Clearly, if the server will use 1000 times this number (Set for 1024K,
but
exceeds 1G) this is broken, and it may cause other systems to fail or
perform very poorly.

If it is not something that can be fixed, it should be clearly
documented.

work_mem (integer)

Specifies the amount of memory to be used by internal sort
operations and hash tables before switching to temporary disk files.
The value is specified in kilobytes, and defaults to 1024 kilobytes
(1 MB). Note that for a complex query, several sort or hash
operations might be running in parallel; each one will be allowed to
use as much memory as this value specifies before it starts to put
data into temporary files.

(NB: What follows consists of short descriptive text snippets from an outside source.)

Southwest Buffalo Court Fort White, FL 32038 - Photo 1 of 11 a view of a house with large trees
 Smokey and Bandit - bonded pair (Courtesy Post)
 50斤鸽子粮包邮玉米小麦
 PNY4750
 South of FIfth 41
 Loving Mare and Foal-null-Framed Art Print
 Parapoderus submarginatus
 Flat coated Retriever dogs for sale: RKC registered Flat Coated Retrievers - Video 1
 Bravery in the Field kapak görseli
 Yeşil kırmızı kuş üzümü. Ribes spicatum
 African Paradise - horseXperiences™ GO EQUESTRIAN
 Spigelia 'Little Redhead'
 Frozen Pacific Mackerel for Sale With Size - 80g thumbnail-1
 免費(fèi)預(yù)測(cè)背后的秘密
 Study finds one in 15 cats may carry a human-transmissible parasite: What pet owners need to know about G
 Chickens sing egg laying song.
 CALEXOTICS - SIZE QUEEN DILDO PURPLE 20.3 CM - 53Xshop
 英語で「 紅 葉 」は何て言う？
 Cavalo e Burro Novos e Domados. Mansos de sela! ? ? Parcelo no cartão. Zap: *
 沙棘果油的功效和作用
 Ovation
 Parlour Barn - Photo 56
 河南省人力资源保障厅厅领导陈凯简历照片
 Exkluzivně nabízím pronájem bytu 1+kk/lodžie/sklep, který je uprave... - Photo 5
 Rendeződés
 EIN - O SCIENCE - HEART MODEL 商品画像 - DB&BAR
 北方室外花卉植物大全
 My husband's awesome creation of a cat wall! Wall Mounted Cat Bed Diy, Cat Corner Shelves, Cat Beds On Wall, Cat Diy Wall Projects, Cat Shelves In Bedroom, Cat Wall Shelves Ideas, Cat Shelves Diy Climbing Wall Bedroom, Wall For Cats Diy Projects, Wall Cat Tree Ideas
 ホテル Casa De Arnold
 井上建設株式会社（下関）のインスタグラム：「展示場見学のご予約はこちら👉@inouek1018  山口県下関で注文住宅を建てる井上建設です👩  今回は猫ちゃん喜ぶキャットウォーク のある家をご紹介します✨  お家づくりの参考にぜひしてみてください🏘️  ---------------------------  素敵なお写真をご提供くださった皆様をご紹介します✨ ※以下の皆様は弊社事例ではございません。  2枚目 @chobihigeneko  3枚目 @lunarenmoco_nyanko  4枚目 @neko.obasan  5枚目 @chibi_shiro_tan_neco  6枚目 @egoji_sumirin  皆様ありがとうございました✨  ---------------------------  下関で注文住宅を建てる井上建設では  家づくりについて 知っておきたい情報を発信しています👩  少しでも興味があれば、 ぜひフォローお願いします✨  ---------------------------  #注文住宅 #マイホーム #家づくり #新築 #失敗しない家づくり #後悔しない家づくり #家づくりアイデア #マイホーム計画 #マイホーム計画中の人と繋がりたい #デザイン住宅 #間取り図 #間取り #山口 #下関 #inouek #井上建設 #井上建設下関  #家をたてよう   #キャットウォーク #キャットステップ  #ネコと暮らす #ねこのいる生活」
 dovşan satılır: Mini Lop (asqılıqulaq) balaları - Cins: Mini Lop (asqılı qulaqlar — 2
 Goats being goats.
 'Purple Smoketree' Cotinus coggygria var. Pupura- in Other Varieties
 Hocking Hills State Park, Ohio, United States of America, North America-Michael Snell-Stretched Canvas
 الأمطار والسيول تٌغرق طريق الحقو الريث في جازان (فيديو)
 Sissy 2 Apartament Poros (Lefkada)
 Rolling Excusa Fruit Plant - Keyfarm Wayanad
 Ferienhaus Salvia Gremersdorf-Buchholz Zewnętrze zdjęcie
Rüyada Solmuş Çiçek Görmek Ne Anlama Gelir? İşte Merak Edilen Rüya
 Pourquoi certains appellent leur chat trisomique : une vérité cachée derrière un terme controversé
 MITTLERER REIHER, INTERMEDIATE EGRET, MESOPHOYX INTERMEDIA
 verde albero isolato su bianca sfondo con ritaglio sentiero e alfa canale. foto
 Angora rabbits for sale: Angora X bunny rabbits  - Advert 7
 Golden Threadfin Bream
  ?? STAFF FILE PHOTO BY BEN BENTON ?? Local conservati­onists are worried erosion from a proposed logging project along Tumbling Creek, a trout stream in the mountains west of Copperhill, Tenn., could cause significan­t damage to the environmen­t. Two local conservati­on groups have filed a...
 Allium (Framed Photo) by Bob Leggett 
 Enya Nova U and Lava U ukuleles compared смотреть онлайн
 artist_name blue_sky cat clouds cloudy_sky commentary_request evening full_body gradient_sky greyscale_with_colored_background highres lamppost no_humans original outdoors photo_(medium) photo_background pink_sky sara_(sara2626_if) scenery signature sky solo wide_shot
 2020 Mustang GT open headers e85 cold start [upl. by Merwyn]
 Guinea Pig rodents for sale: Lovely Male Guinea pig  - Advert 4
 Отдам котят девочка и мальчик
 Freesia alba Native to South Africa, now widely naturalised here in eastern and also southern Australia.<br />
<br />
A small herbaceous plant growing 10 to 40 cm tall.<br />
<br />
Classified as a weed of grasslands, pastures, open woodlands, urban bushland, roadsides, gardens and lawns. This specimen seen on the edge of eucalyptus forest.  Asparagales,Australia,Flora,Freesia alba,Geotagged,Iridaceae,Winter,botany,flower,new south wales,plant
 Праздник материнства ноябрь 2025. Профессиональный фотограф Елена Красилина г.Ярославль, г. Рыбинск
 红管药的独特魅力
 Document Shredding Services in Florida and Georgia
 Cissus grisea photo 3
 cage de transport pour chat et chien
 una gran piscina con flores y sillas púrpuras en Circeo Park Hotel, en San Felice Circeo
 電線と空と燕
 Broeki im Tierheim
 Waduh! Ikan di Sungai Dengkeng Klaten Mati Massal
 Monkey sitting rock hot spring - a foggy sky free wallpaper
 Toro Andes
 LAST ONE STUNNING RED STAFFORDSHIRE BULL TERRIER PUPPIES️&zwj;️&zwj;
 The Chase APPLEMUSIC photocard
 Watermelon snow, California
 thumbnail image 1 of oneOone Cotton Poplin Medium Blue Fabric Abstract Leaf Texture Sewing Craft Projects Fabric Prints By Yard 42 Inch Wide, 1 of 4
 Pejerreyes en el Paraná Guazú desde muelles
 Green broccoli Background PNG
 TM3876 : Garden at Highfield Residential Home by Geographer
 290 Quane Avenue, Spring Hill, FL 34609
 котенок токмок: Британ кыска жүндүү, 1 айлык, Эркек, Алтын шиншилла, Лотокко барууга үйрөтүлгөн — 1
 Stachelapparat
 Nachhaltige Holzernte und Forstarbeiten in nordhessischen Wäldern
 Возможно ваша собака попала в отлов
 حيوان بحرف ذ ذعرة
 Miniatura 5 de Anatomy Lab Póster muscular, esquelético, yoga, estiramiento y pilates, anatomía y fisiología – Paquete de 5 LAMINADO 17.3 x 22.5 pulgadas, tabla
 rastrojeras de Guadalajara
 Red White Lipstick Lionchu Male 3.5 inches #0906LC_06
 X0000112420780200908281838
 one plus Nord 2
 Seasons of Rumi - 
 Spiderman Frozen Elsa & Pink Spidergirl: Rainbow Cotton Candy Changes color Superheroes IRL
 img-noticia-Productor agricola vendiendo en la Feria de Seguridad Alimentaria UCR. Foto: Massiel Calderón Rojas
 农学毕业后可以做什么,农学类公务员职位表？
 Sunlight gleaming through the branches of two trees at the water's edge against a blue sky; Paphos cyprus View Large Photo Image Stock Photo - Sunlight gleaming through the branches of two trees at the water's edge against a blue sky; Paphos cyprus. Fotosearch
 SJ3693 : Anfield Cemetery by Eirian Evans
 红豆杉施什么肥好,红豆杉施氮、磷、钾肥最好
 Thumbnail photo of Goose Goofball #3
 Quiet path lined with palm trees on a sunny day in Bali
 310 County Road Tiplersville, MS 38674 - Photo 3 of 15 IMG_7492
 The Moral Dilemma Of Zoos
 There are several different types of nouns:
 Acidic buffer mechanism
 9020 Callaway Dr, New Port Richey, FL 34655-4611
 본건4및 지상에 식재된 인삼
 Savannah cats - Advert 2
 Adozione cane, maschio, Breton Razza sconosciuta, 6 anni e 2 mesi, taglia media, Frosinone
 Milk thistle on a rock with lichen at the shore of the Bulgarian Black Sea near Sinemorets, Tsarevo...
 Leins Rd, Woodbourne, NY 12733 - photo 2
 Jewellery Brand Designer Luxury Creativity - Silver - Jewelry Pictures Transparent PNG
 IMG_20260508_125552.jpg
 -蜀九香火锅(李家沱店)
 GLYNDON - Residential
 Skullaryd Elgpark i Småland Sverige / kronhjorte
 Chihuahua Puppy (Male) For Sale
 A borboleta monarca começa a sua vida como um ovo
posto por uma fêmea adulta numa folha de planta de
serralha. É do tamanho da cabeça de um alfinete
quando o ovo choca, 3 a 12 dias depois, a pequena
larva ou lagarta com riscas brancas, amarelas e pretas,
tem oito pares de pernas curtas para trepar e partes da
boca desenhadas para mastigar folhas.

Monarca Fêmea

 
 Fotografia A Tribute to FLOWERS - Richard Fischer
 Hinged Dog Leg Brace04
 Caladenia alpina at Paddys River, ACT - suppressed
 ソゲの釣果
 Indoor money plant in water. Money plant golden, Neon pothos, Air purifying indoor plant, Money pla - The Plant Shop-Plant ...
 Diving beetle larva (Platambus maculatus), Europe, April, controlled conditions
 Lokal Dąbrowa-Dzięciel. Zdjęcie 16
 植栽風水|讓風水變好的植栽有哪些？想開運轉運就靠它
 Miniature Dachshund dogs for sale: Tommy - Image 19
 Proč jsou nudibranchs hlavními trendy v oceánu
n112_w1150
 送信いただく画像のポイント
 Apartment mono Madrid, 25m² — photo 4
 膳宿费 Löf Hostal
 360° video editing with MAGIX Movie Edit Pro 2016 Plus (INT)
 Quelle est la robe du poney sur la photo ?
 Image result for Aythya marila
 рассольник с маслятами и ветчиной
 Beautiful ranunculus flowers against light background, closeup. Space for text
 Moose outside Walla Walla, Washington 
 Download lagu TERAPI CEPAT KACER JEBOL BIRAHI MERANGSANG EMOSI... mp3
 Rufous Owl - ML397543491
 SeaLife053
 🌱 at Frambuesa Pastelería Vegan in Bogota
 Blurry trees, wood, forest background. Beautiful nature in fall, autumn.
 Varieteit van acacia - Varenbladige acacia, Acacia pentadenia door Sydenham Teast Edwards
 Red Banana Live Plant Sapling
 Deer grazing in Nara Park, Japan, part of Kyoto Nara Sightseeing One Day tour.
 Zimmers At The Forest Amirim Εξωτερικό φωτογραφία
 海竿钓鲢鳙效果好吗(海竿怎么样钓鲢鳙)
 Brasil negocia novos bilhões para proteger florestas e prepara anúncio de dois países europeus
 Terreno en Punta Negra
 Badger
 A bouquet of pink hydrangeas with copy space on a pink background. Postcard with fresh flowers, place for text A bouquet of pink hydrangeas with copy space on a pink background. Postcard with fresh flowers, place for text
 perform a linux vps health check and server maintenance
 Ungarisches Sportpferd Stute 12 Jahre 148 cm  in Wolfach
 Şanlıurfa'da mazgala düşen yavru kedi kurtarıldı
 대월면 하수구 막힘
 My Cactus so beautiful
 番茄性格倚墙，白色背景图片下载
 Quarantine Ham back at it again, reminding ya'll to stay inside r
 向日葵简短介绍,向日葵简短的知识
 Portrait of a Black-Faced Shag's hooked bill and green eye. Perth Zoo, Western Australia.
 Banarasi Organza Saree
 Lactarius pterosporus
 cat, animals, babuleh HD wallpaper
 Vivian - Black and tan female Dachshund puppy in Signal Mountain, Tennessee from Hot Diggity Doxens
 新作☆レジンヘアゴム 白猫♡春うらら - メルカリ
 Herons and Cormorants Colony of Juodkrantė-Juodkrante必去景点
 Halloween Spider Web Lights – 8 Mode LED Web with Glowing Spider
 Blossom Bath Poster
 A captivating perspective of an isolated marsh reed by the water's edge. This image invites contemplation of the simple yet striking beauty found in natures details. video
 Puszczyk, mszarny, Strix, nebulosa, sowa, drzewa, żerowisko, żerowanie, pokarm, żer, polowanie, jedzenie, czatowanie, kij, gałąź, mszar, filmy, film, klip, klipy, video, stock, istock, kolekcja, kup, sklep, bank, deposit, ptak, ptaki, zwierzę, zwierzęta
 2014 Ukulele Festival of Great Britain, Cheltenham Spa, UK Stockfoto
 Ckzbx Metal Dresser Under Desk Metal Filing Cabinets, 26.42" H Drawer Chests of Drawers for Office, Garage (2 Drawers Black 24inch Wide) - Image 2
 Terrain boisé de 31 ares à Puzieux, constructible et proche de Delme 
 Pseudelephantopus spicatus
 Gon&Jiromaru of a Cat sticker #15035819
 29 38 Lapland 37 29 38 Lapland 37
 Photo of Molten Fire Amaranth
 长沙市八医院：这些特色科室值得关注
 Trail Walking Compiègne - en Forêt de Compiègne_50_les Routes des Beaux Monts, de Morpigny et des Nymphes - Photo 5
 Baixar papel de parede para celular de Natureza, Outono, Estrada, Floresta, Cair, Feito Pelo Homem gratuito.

Also, several running sessions could be
doing such operations concurrently. So the total memory used could
be many times the value of work_mem; it is necessary to keep this
fact in mind when choosing the value. Sort operations are used for
ORDER BY, DISTINCT, and merge joins. Hash tables are used in hash
joins, hash-based aggregation, and hash-based processing of IN
subqueries.

So it says right there that it's very easy to exceed work_mem by a very
large amount. Granted, this is a very painful problem to deal with and
will hopefully be changed at some point, but it's pretty clear as to how
this works.

Well, if you read that paragraph carefully, I'll admit that I was a little
too literal in my statement apliying it to the "process" and not specific
functions within the process, but in the documentation:

"each one will be allowed to use as much memory as this value specifies
before it starts to put data into temporary files."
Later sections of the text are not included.